__ACTIVITY__: Answer with the exact lines of the following material from the one containing "Louis Vuitton Slide Sandals 9" through the one containing "Канальный фанкойл Kentatsu KFTE200H0EN1", both end lines included.

__MATERIAL SHOWN__:

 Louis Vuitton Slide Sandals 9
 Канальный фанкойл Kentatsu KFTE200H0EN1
==
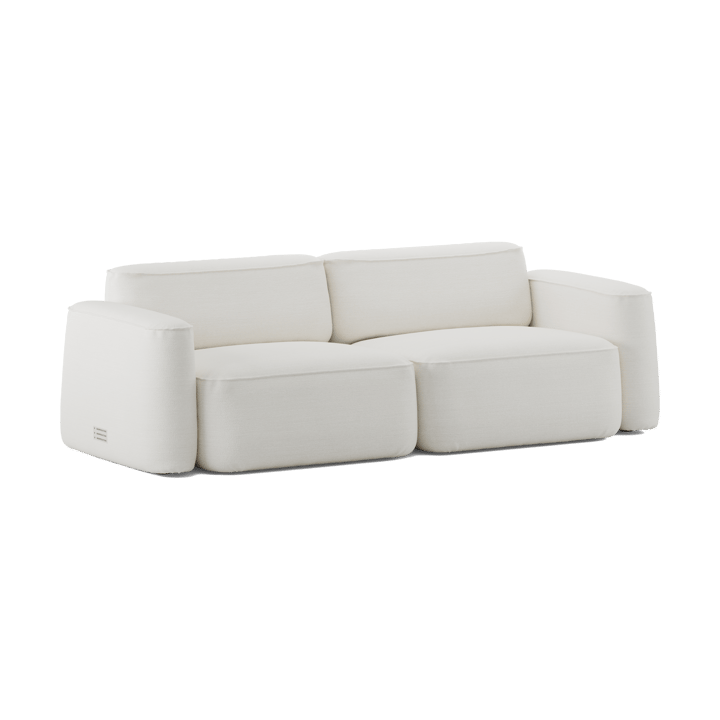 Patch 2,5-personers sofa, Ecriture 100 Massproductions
--
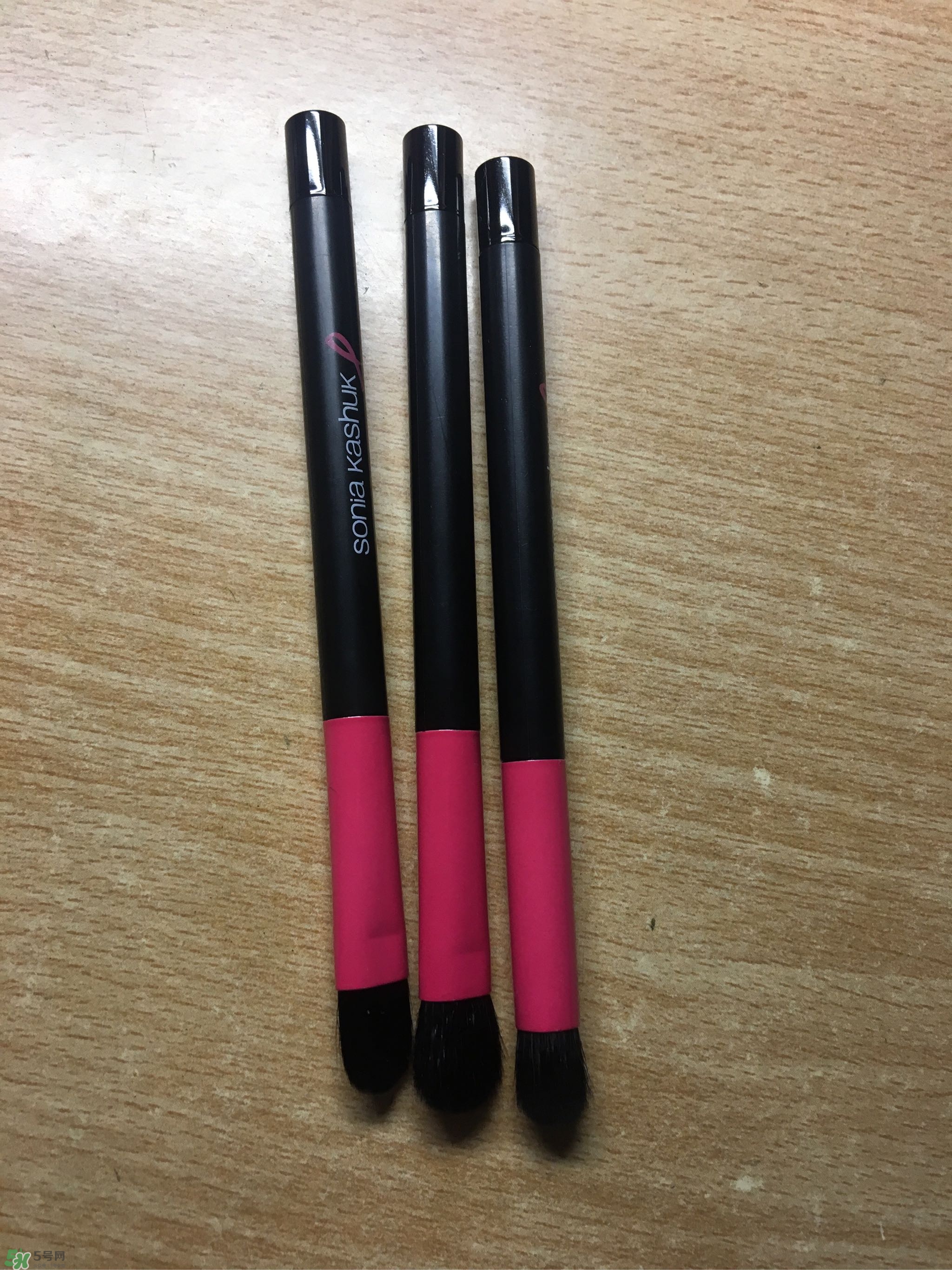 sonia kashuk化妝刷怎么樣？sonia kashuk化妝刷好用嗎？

__ANSWER__:
 Louis Vuitton Slide Sandals 9
 Канальный фанкойл Kentatsu KFTE200H0EN1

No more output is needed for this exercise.